■ **Task instructions**:
Only the lines running from the line with "MINI SQUEEZE ECOLÓGICO RECICLADO 250" to the end of the records below belong in the answer, each copied exactly.

*** Opening Working data ***

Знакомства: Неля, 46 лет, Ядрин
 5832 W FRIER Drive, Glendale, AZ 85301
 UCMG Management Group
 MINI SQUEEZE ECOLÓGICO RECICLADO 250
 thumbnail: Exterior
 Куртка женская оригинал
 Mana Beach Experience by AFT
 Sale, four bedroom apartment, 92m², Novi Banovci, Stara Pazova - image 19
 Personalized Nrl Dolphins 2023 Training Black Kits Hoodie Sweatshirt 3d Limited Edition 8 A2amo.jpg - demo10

*** Closing Working data ***

■ **Written solution**:
 MINI SQUEEZE ECOLÓGICO RECICLADO 250
 thumbnail: Exterior
 Куртка женская оригинал
 Mana Beach Experience by AFT
 Sale, four bedroom apartment, 92m², Novi Banovci, Stara Pazova - image 19
 Personalized Nrl Dolphins 2023 Training Black Kits Hoodie Sweatshirt 3d Limited Edition 8 A2amo.jpg - demo10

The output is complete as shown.